Over the weekend, we saw the financial thriller (yes, I know...how improbable...but these are the times we live in) that's generating a lot of word-of-mouth buzz and deserves to receive widespread distribution. "Margin Call" is summarized this way on the movie's website:
Set in the high-stakes world of the financial industry, Margin Call is an entangling thriller involving the key players at an investment firm during one perilous 24-hour period in the early stages of the 2008 financial crisis. When an entry-level analyst unlocks information that could prove to be the downfall of the firm, a roller-coaster ride ensues as decisions both financial and moral catapult the lives of all involved to the brink of disaster.I can report it's indeed thrilling. I felt like I had be punched in the gut by the end of the flick. [Spoiler alert] What really got to me, because I saw the stark truth in it, was a dialog between Demi Moore's character and Stanely Tucci's, both of whom were being let go from the firm. Staring in to the abyss and contemplating not only the repercussions of what was happening for themselves but the general public, Moore's character reflects on how they got there, at the point at which they chose to move forward with the decision that brought them down, and argues that at the time there didn't seem to be a choice.

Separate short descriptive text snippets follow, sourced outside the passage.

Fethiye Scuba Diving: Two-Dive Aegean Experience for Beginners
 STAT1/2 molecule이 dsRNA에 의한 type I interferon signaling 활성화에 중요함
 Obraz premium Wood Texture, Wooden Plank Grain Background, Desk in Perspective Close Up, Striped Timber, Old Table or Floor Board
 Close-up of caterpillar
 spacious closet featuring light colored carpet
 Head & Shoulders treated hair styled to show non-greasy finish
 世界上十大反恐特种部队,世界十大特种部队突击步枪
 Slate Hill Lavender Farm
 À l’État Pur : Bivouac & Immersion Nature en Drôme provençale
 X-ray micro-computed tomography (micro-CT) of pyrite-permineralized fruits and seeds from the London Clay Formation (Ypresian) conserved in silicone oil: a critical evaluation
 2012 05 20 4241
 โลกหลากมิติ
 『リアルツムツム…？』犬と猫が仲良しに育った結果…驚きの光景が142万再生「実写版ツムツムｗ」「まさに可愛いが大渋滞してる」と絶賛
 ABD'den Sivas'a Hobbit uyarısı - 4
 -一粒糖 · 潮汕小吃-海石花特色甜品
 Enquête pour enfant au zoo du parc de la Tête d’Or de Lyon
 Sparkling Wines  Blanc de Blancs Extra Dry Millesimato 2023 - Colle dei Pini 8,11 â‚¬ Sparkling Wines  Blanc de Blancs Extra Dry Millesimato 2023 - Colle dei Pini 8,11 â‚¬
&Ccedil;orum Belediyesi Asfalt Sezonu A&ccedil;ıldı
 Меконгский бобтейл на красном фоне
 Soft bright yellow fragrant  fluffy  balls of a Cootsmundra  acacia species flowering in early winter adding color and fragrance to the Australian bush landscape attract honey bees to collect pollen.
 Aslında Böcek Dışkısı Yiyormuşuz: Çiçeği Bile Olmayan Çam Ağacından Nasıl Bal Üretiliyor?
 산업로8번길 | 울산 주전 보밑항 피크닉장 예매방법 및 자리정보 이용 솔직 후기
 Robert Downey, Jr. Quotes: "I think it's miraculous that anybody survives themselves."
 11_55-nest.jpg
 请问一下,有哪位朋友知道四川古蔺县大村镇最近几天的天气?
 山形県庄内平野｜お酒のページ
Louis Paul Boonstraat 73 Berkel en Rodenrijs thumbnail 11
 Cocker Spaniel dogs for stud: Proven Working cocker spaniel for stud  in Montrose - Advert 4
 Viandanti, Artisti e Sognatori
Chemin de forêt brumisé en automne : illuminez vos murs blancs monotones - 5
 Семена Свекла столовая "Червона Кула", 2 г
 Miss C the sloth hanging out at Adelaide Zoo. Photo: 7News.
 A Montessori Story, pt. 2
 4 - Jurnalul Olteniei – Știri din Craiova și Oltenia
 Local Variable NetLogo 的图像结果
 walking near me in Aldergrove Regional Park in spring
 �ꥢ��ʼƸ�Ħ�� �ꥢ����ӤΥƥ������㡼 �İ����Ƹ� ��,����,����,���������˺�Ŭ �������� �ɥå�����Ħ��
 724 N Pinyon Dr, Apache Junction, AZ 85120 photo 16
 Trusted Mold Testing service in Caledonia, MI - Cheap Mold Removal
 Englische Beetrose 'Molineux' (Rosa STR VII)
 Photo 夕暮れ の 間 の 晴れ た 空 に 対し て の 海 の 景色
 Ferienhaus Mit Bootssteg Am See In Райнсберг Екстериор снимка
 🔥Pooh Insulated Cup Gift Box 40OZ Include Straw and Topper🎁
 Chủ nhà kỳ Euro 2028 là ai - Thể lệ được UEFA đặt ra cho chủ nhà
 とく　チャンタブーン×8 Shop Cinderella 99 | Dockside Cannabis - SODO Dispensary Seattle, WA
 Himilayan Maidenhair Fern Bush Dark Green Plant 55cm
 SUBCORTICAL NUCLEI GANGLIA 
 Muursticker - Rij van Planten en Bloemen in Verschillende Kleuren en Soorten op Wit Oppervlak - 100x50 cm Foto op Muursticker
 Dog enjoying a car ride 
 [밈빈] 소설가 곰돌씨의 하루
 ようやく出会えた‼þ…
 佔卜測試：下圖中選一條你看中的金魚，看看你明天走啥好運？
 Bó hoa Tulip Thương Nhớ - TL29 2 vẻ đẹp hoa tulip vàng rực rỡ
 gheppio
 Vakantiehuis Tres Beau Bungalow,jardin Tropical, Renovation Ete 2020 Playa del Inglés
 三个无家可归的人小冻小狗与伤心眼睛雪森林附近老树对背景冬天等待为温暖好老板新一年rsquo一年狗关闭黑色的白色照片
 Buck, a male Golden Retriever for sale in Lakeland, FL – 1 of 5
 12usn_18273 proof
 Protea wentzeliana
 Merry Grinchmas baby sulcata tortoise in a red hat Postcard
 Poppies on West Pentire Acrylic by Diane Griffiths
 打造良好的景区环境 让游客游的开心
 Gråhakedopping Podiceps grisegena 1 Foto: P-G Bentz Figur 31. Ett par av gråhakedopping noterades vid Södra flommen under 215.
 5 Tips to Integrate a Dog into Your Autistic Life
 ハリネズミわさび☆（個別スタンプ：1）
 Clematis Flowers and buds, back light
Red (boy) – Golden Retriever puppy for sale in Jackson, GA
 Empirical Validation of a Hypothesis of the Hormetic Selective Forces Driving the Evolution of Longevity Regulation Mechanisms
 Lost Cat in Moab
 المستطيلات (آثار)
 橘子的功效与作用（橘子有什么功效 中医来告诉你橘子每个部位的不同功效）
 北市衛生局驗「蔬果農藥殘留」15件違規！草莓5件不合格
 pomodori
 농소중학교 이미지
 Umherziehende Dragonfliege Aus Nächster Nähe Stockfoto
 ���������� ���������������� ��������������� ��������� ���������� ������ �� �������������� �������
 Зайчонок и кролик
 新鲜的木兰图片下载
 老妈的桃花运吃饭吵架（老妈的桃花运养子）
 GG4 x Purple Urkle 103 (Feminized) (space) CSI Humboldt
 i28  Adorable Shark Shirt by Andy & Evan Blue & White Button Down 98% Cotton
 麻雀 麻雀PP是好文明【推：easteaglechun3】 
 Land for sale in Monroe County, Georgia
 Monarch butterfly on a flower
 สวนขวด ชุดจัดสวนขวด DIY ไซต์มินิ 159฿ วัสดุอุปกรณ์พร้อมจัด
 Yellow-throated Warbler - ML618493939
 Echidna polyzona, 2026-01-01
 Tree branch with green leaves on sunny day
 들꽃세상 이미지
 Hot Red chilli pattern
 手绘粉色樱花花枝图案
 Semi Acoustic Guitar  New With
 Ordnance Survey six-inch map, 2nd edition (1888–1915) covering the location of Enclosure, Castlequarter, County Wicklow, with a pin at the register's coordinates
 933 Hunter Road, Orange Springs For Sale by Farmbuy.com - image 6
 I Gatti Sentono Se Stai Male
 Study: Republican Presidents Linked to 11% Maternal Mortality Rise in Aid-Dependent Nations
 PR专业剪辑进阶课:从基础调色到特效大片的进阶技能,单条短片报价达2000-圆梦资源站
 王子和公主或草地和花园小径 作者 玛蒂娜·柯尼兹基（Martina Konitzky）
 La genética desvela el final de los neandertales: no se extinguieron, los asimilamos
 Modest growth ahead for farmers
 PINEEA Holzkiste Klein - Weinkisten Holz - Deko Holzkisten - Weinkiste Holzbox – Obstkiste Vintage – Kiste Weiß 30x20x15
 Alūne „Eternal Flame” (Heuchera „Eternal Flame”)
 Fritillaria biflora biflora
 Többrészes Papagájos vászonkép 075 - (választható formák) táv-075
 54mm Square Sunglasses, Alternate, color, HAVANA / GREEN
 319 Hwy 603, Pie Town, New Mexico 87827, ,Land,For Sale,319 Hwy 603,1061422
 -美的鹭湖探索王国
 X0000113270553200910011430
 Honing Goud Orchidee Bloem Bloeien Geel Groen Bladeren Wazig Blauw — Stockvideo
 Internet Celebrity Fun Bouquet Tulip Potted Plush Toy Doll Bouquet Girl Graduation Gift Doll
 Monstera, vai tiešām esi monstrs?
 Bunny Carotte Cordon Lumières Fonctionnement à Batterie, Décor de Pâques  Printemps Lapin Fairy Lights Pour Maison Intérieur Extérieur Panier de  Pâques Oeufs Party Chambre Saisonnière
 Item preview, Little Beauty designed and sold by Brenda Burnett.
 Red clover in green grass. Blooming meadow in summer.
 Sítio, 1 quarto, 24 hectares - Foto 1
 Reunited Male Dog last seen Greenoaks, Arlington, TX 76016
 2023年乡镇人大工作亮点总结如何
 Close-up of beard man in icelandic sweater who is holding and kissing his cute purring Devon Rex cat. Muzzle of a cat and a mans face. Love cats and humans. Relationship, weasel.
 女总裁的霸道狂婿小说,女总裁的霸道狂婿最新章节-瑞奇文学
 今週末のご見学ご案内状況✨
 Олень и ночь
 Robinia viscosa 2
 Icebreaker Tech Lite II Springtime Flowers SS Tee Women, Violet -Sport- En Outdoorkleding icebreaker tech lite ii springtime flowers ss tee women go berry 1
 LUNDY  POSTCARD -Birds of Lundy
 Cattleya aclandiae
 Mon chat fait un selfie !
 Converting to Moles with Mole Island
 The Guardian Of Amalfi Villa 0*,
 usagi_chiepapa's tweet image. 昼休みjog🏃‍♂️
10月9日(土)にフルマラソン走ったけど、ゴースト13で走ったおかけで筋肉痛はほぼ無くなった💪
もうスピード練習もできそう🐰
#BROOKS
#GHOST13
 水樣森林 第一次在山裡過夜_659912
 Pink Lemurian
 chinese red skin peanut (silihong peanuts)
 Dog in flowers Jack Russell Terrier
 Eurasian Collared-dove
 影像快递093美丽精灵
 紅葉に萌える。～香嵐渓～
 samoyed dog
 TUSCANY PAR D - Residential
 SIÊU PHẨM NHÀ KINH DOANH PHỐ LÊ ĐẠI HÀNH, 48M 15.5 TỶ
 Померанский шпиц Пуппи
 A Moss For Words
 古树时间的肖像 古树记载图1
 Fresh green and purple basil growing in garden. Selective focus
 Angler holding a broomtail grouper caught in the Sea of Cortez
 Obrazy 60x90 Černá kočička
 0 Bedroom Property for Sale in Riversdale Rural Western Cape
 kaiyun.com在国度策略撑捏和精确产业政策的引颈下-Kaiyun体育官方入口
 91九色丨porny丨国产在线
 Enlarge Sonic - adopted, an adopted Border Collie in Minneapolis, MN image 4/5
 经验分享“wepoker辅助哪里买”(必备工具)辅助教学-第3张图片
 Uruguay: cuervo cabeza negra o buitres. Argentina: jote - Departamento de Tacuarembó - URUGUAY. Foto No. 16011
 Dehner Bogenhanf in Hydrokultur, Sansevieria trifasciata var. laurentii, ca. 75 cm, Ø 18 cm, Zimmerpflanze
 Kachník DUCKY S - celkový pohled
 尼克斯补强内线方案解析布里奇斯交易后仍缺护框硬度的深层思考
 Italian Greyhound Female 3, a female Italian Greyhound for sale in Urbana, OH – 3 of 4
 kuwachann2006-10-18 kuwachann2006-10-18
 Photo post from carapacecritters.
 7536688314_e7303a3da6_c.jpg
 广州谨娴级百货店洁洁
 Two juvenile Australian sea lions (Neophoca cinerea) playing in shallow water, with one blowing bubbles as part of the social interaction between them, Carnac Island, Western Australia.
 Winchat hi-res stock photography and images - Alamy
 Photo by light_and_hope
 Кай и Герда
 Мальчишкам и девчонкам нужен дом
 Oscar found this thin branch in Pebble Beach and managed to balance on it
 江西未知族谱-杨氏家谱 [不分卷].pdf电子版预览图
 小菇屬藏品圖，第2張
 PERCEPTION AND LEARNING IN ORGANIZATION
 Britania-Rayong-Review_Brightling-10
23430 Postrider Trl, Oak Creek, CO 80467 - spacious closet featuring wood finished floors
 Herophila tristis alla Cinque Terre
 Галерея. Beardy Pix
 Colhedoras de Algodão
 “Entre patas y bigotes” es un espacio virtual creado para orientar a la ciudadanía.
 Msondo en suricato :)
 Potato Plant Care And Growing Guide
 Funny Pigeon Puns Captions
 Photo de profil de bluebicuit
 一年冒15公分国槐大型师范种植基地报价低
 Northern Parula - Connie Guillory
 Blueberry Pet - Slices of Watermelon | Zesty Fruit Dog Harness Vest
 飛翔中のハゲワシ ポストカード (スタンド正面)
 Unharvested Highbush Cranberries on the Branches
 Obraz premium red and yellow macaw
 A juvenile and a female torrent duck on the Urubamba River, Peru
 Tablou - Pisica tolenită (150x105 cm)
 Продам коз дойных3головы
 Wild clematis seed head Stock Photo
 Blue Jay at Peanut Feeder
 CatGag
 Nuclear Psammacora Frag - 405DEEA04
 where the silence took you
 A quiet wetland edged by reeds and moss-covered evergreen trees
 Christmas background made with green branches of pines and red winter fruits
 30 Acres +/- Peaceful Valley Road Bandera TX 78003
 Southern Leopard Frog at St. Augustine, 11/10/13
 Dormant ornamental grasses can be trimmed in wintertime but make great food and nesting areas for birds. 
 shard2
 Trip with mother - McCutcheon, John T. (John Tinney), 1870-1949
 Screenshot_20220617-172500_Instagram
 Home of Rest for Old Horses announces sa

Tucci's confirms that it always looks that way.
In this scenario it looked that way because they were focused not on what was best for their clients or even what was best for the firm, but rather on what profits demanded of them. Indeed, it was the obsession with making money that destroyed the firm and ended up impacting millions, if not billions, of other people in the process. Even as the 24 hours unfolded and the executive decisions were being made, even as it was clear that the path they were choosing would end all their careers, their reputations, harm so many other people, and most likely bring down the firm, they kept focused on the clarion call of the industry's prime directive: profits über alles. Get what you can for yourself while the getting is good.
If you're looking for the baby, it's out there with the bathwater.